International Joint Research Center for Persistent Toxic Substances (IJRC-PTS), State Key Laboratory of Urban Water Resource and Environment, Harbin Institute of Technology, Harbin 150090, China; International Joint Research Center for Arctic Environment and Ecosystem (IJRC-AEE), Polar Academy, Harbin Institute of Technology, Harbin 150090, China; Environment and Climate Change Canada, Science and Technology Branch, 867 Lakeshore Road Burlington, ON, L7S1A1, Canada.
International Joint Research Center for Persistent Toxic Substances (IJRC-PTS), State Key Laboratory of Urban Water Resource and Environment, Harbin Institute of Technology, Harbin 150090, China; International Joint Research Center for Arctic Environment and Ecosystem (IJRC-AEE), Polar Academy, Harbin Institute of Technology, Harbin 150090, China.
Water Res. 2021 Feb 1;189:116602. doi: 10.1016/j.watres.2020.116602. Epub 2020 Nov 3.

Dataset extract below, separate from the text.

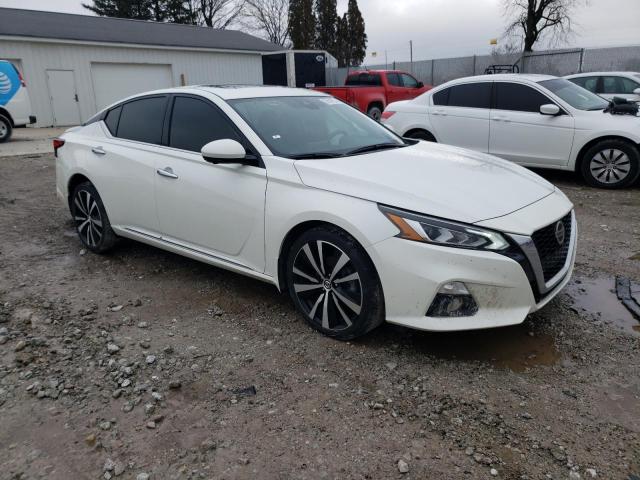 Photo 3 VIN: 1N4BL4FW2LN308559 - NISSAN ALTIMA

Diphenylamine antioxidants (DPAs) are widely used industrial chemicals. Wastewater effluents and biosolids are important pathways for DPAs to enter the environment. Information on the fate of DPAs in wastewater treatment plants (WWTPs) and their environmental releases is limited. In this study, we characterized the occurrence, removal efficiencies, distribution, mass balance, and environmental releases of 17 DPAs in ten Canadian WWTPs and four landfill sites from 2013 to 2015. These WWTPs are different in sizes, and treatment technologies. Median concentrations of ΣDPAs were 78 ng/L in influent, 6.9 ng/L in effluent, 326 ng/L in leachate, and 445 ng/g in biosolids (dry weight), respectively. Diphenylamine (DPA) and ditertoctyl-diphenylamine (DTO-DPA) were the predominant congeners of DPAs in all the matrices. Residues of DPAs were not completely removed during wastewater treatment processes: most DPAs were detected in at least one sample of WWTP effluent with the highest concentration of 117 ng/L (DPA). Overall, high removal efficiencies (median > 90%) of most of the DPAs were observed in the secondary and advanced treatment, as well as in the facultative and aerated lagoons. In contrast, primary treatment exhibited a lower removal efficiency of the DPAs. Mass balance analysis shows that sorption to biosolids is the major removal pathway of DPAs in WWTPs. The results also highlight that environmental releases of DPAs via biosolid applications (70 mg/d/1000 people) can be over several times higher than that via wastewater effluent (2.5-36 mg/d/1000 people).
二苯胺类抗氧化剂(DPAs)是广泛应用的工业化学品。废水和生物固体是 DPAs 进入环境的重要途径。有关 DPAs 在废水处理厂(WWTP)中的命运及其环境释放的信息有限。在这项研究中,我们从 2013 年到 2015 年,在加拿大的 10 个 WWTP 和 4 个垃圾填埋场中,对 17 种 DPAs 的出现、去除效率、分布、质量平衡和环境释放进行了特征描述。这些 WWTP 在规模和处理技术上有所不同。ΣDPAs 的中值浓度分别为进水 78ng/L、出水 6.9ng/L、渗滤液 326ng/L 和生物固体(干重)445ng/g。在所有基质中,二苯胺(DPA)和二特丁基二苯胺(DTO-DPA)都是 DPAs 的主要同系物。DPAs 在废水处理过程中没有被完全去除:大多数 DPAs 在至少一个 WWTP 出水样本中被检出,最高浓度为 117ng/L(DPA)。总体而言,在二级和高级处理以及兼性和充气塘中,大多数 DPAs 的去除效率较高(中位数>90%)。相比之下,初级处理对 DPAs 的去除效率较低。质量平衡分析表明,吸附到生物固体是 WWTP 中 DPAs 的主要去除途径。研究结果还表明,通过生物固体应用(70mg/d/1000 人)释放的 DPAs 的环境释放量可能是通过废水排放(2.5-36mg/d/1000 人)的数倍以上。